By James Howard Kunstler, (Grove, New York, 2005, 2006). 324 pp. $14. ISBN 0-8021-4249-4 (paper).

The thesis of Kunstler's earlier books is that suburban sprawl and the automobiles needed to navigate it have deprived us of our sense of community. The thesis of the present book is Kunstler's earlier thesis overlaid with the dependence of automobiles on what he refers to as "cheap oil," coupled with the idea that the imminent end of the era of cheap oil will lead us to a "Long Emergency."
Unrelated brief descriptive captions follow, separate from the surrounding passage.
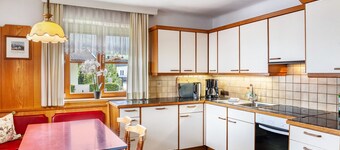 Holiday Home 'Haus Sinning' with mountain view, private terrace, garden and wifi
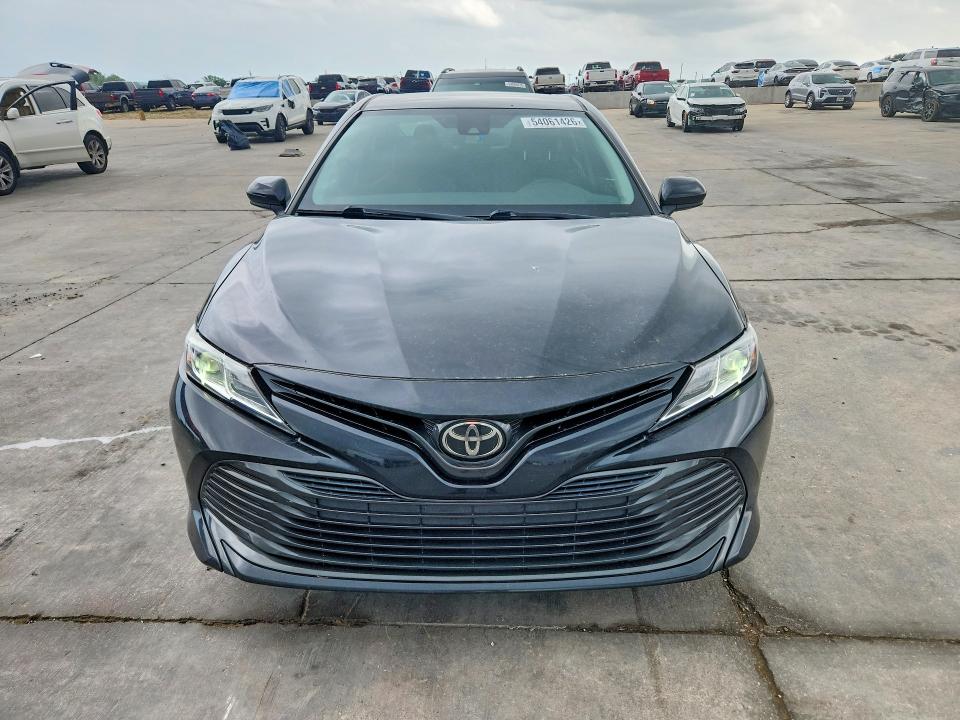 54061426 :رقم المزاد ، 4T1B11HK5KU721097 vin ، 2019 Toyota Camry مزاد بيع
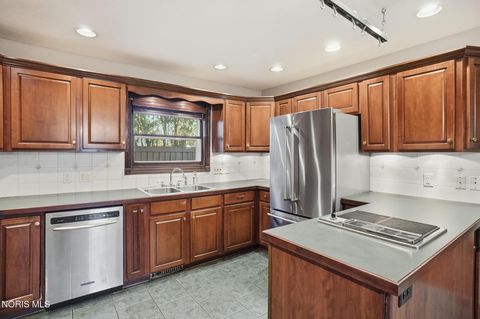 Tiny photo for 332 Buttonwood Avenue, Bowling Green, OH 43402 (MLS # 10006733)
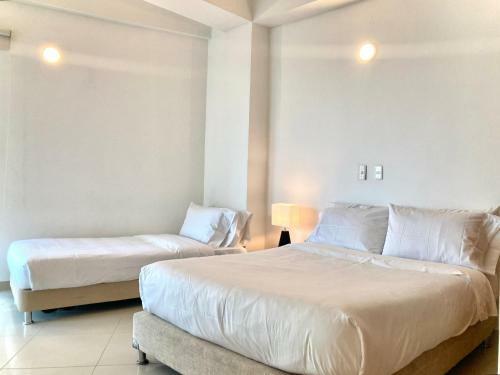 Charming 2br Apartment With Terrace In El Laguito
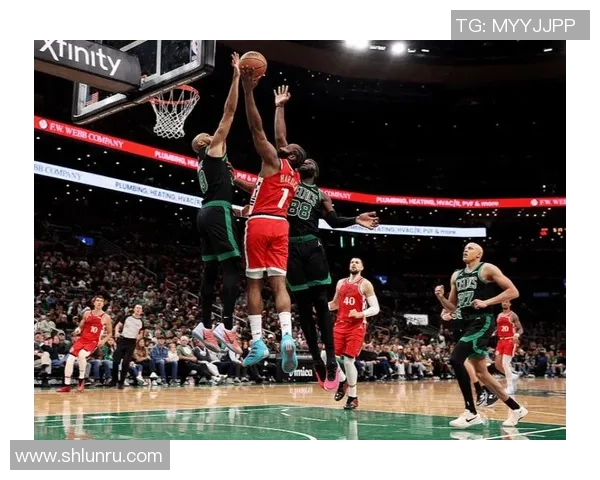 小琼斯三分神准五投全中火力全开轰下17分零失误助球队大胜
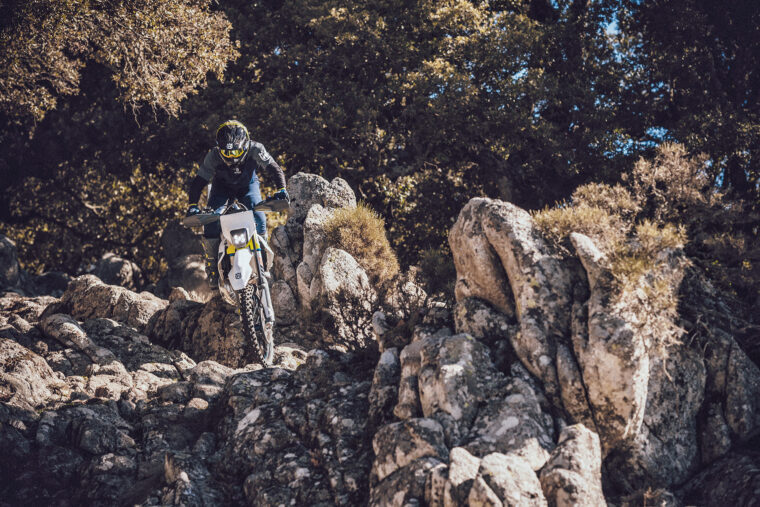 Husqvarna-TE-250i-2022-enduro (3)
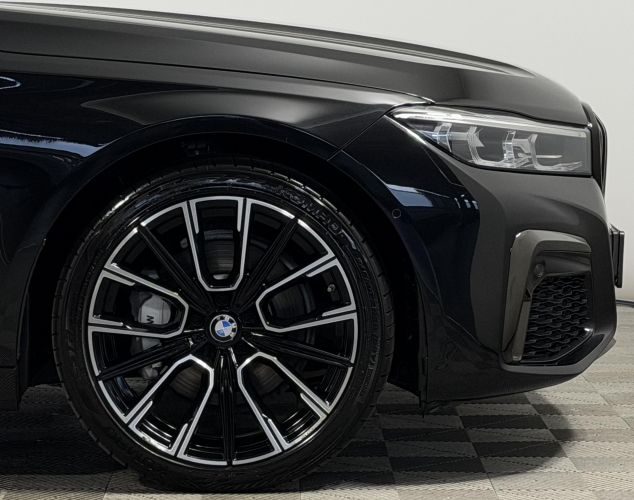 BMW 7 серия  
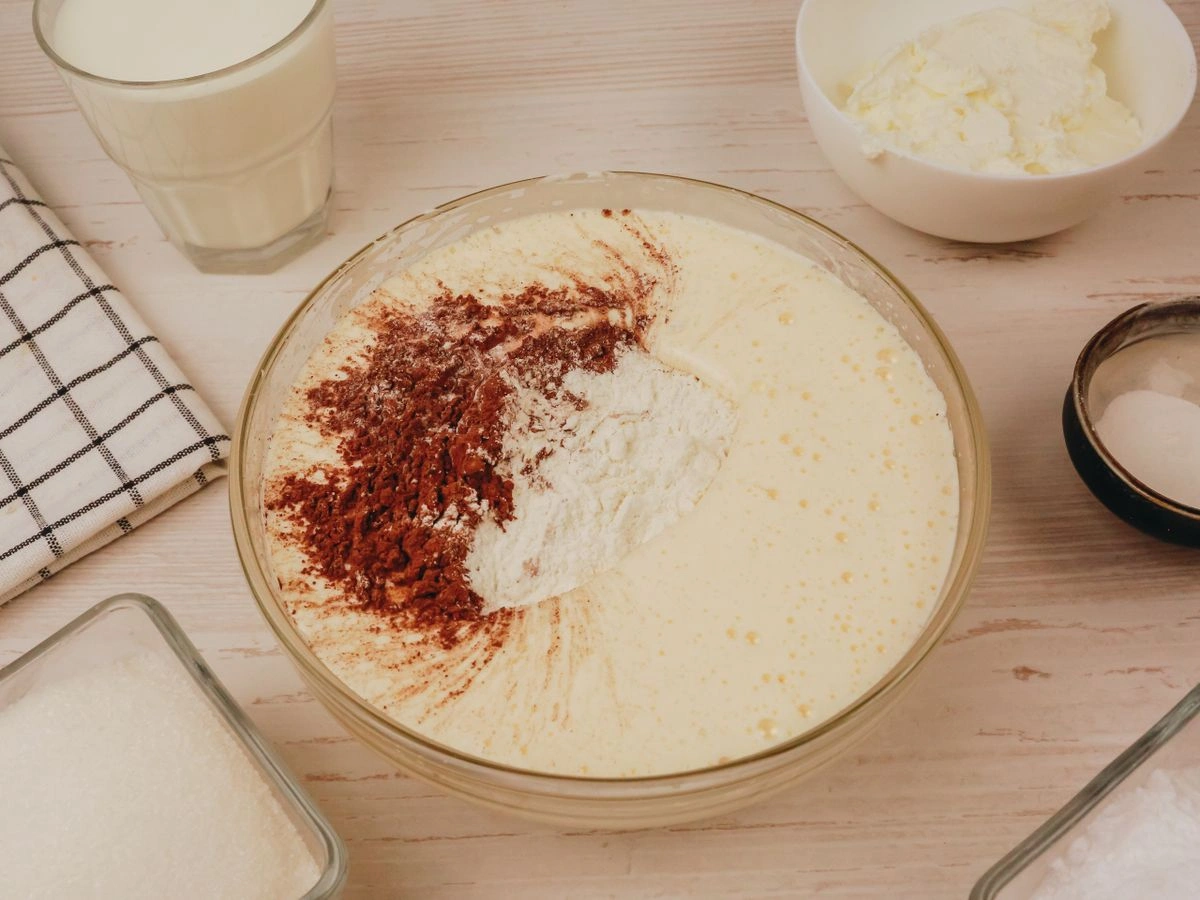 Шаг 6: Шахматный бисквит с голубикой и творожным сыром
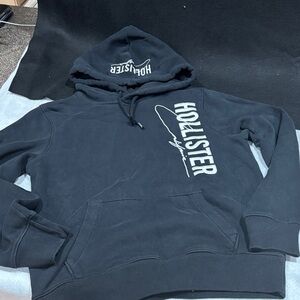 Hollister Men's Black Hoodie Sweater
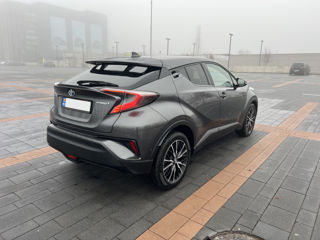 Toyota C-HR foto 6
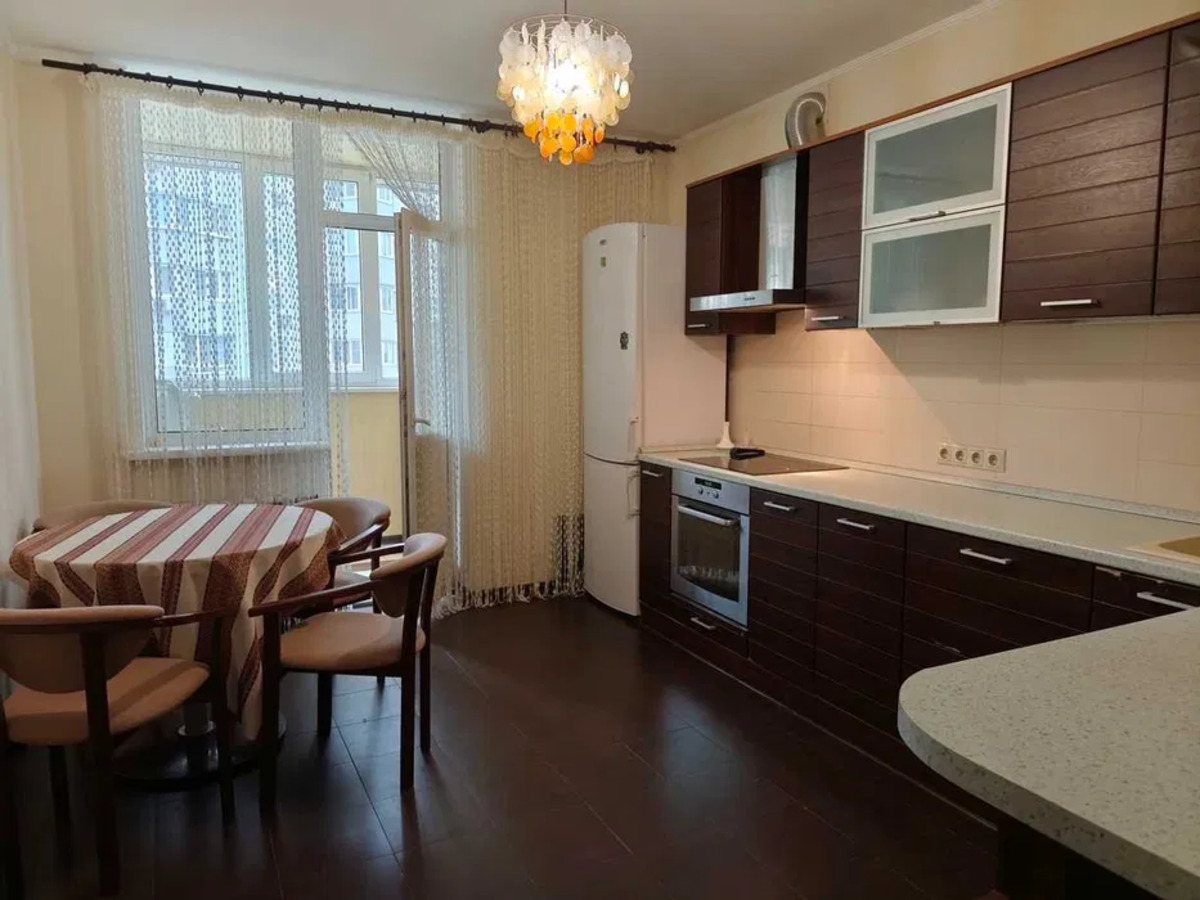 2 кімн. квартира вул. Б. Гмирі 2 фото 1 2 кімн. квартира вул. Б. Гмирі 2 фото 1
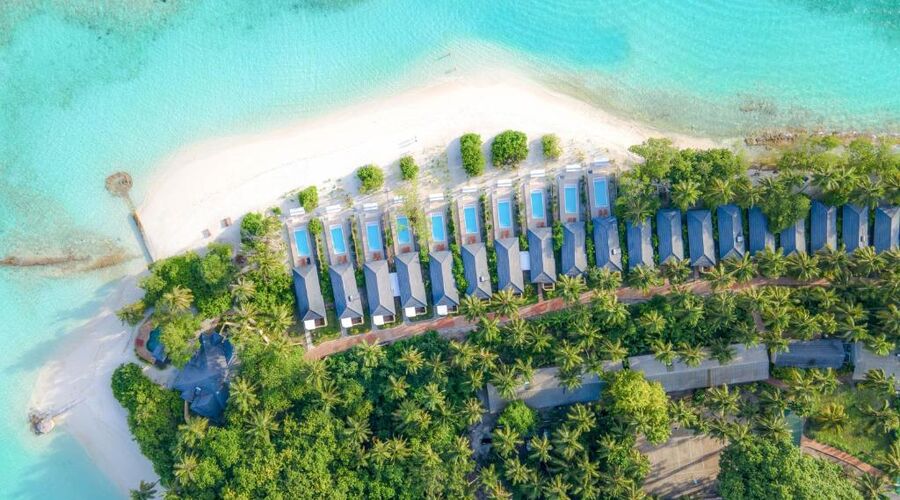 Royal Island Resort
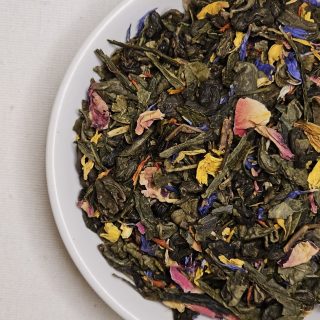 Liście herbaty Azjatycki Koktajl na talerzyku.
"Even after the terrorist attacks of September 11, 2001," he writes, "America is still sleepwalking into the future" (p. 1). "The wonders of steady technological progress under the reign of oil have tricked us ...to believe that anything we wish for hard enough can come true ...wishing ardently that a smooth, seamless transition from fossil fuels to their putative replacements--hydrogen, solar power, whatever--lies just a few years ahead.... A more likely scenario is that new fuels and technologies may never replace fossil fuels at the scale, rate, and manner at which the world currently consumes them" (p. 3).

"It is possible that the fossil fuel efflorescence was a one-shot deal for the human race," he writes (p. 5). "...An unprecedented orgy of nonrenewable condensed solar energy accumulated over eons of prehistory ...created an artificial bubble of plentitude for a period not much longer than a human lifetime.... As oil ceases to be cheap and world reserves arc toward depletion, we will .suddenly be left with an enormous surplus population ...that the ecology of the earth will not support" (p. 7). However, "...humankind will survive ...though not without taking some severe losses in the meantime, in population, in standards of living, in the retention of knowledge and technology, and in decent behavior ...a dramatic die-back, but not a die-off" (p. 5).

Thus, in his first chapter, he lays out the book and beckons the reader to continue for more details. The next two chapters consider the geological and political factors determining oil supplies in recent history and the prognosis for the future. But I was especially interested in the following chapter, "Beyond Oil: Why Alternative Fuels Won't Rescue Us," because I felt that Kunstler's denying a future based on alternative fuels was the key to his forecast of a dismal post-oil future. Here he writes that "all of the non-fossil fuel energy sources ...depend on an underlying fossil fuel economy" and adds that "...without the petroleum 'platform' to work off, we may lack the tools to get beyond the current level of fossil-fuel based technology ...we have an extremely narrow window of opportunity to make that happen" (pp. 100, 102). He seems less dismissive of nuclear fission than of solar and wind energy, but even here he is quick to recognize that nuclear fission (like photovoltaics and wind) is limited to making electricity (which represents only 36% of our energy use). "It means we can have the lights on at night and refrigerate our food, but without the benefit of artificial fertilizers made out of natural gas, and diesel-powered machinery to till the soil at industrial scale, we will have to completely reorganize agriculture" (p. 146).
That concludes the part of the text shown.